WHAT THIS TASK INVOLVES - All entries below are to be reproduced precisely as they stand, without the pictures.

(Captioned web image data)

▬▬▬

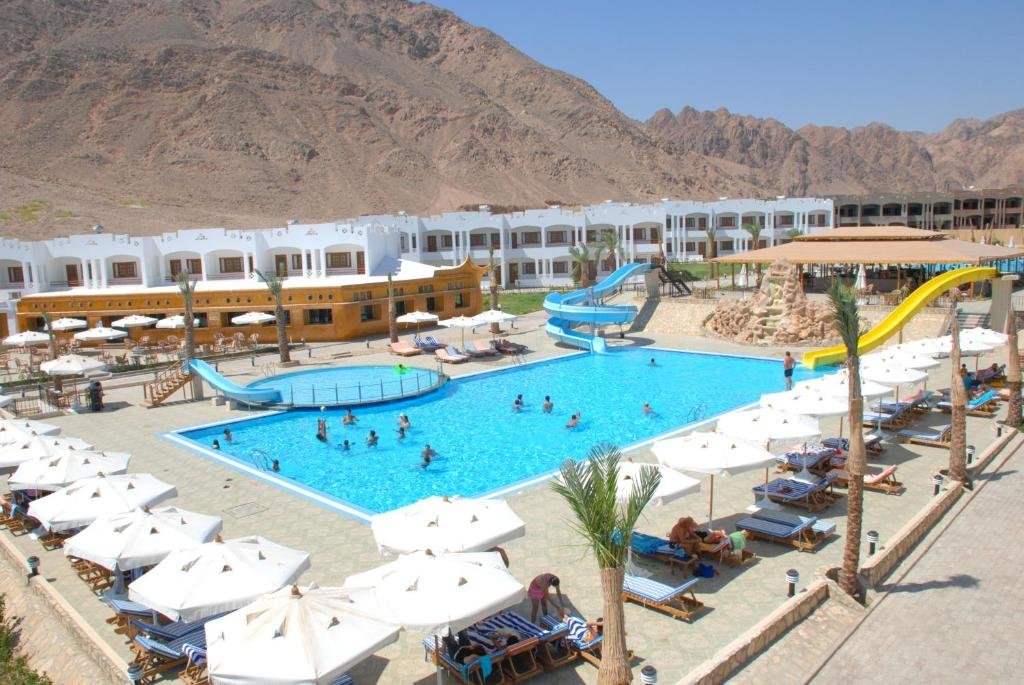 hotel_img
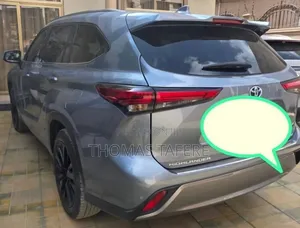 Toyota Highlander Hybrid 2024 Silver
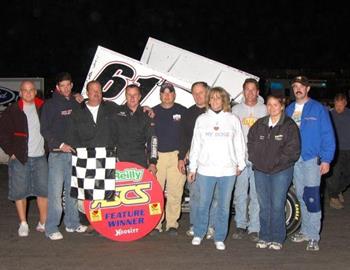 Danny Jennings and company in victory lane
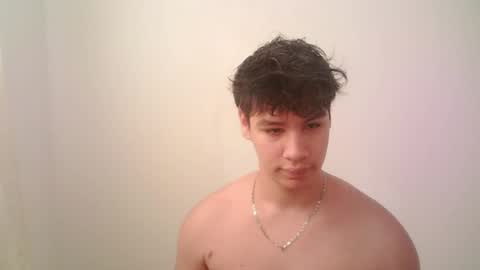 Snapshot of zeus_183 chatting on June 2026 08:46:01 PM zeus_183 online show from June 2026 08:46:01 PM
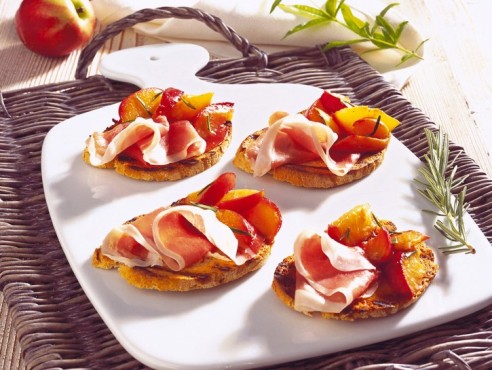 bruschette-con-prosciutto-e-pesche-725x545 (1)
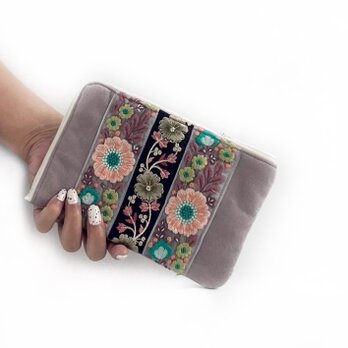 【豪華なインド刺繍の通帳ポーチ】１点限定販売/上品で大人可愛い/通帳・カード・お薬手帳/通院ポーチ/カードポケット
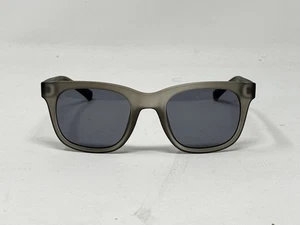 Calvin Klein R722S 240 50/21/135 Frosted Black Frames Sunglasses W/ Gray Lens - Picture 1 of 5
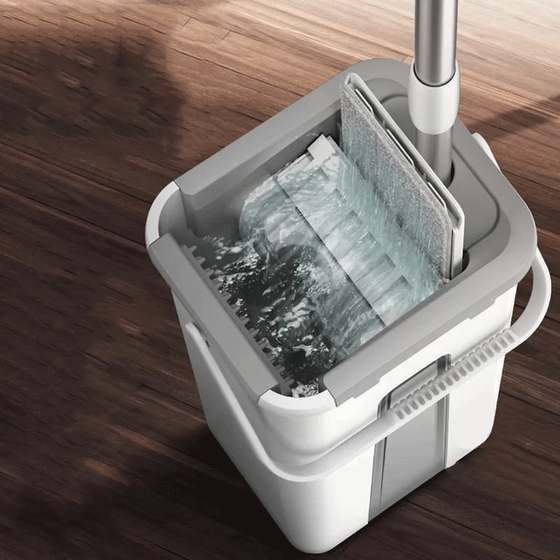 Fregona con cubo autoescurrible 3 trapos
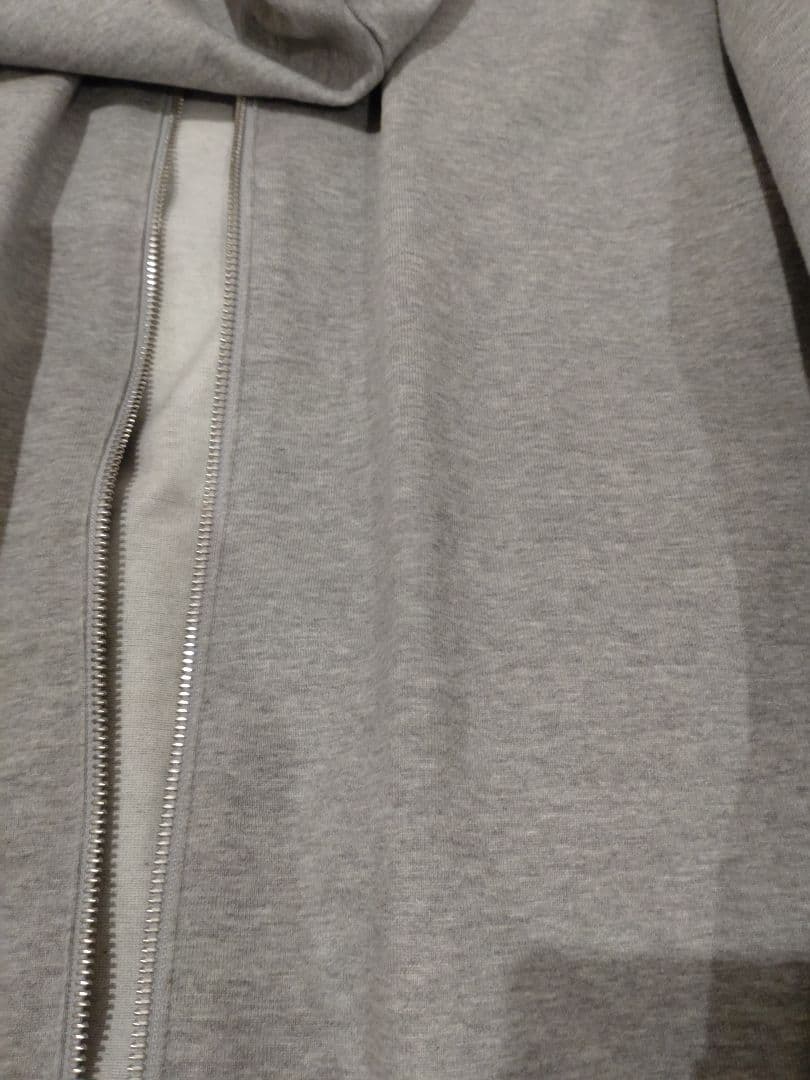 トゥモローランド　マカフィー　ロングフーデッドパーカー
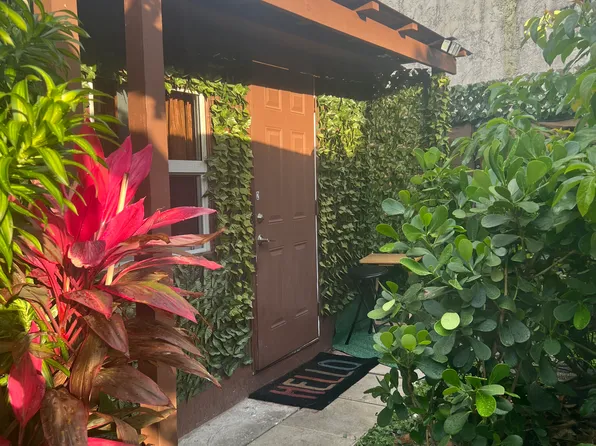 2410 NE 135th Ter #3, Miami, FL 33181
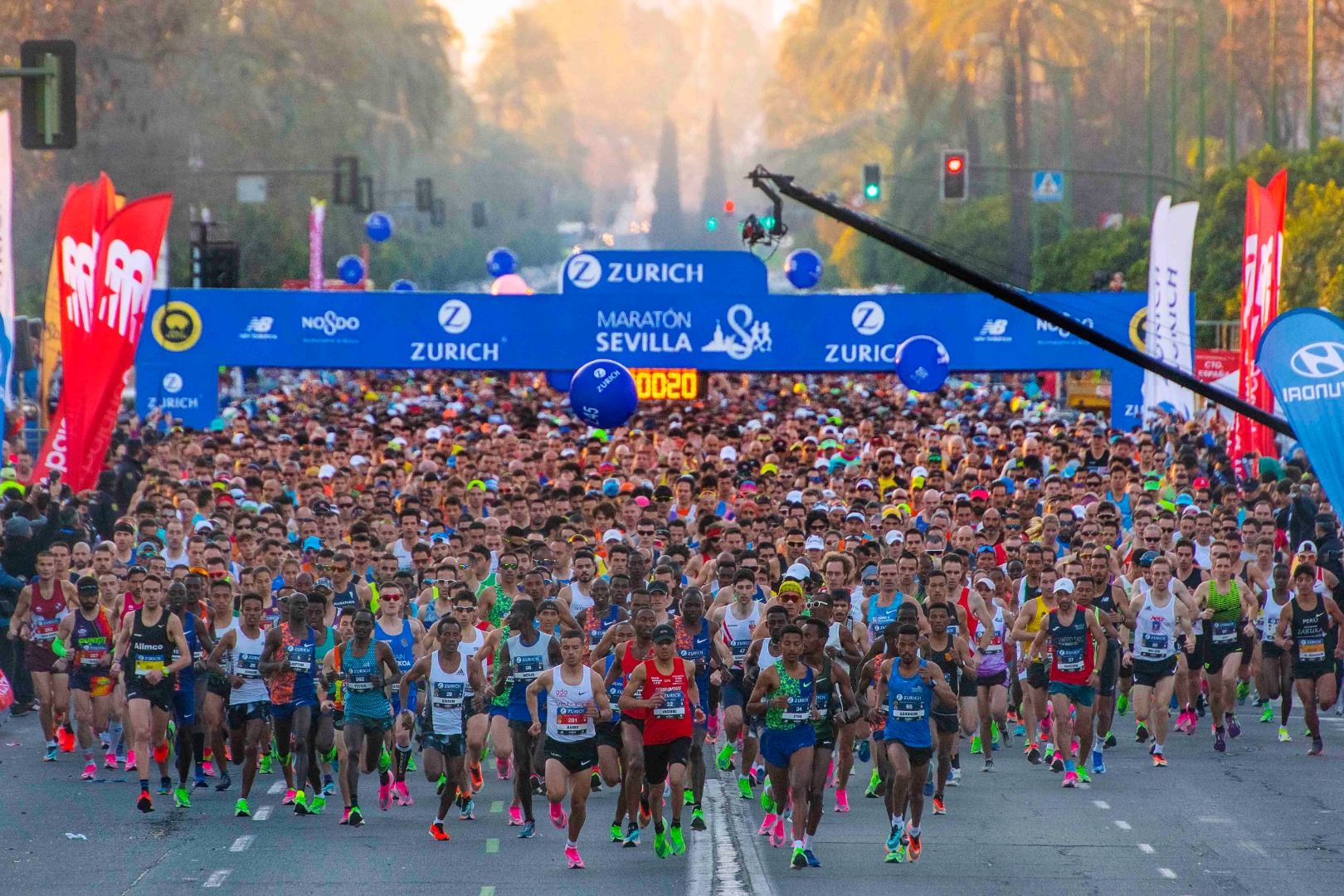Una imagen del último Maratón de Sevilla, celebrado en febrero de 2020. Foto: Juanjo Úbeda.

▬▬▬

OUTPUT FOR THIS TASK -
 hotel_img
 Toyota Highlander Hybrid 2024 Silver
 Danny Jennings and company in victory lane
 Snapshot of zeus_183 chatting on June 2026 08:46:01 PM zeus_183 online show from June 2026 08:46:01 PM
 bruschette-con-prosciutto-e-pesche-725x545 (1)
 【豪華なインド刺繍の通帳ポーチ】１点限定販売/上品で大人可愛い/通帳・カード・お薬手帳/通院ポーチ/カードポケット
 Calvin Klein R722S 240 50/21/135 Frosted Black Frames Sunglasses W/ Gray Lens - Picture 1 of 5
 Fregona con cubo autoescurrible 3 trapos
 トゥモローランド　マカフィー　ロングフーデッドパーカー
 2410 NE 135th Ter #3, Miami, FL 33181
Una imagen del último Maratón de Sevilla, celebrado en febrero de 2020. Foto: Juanjo Úbeda.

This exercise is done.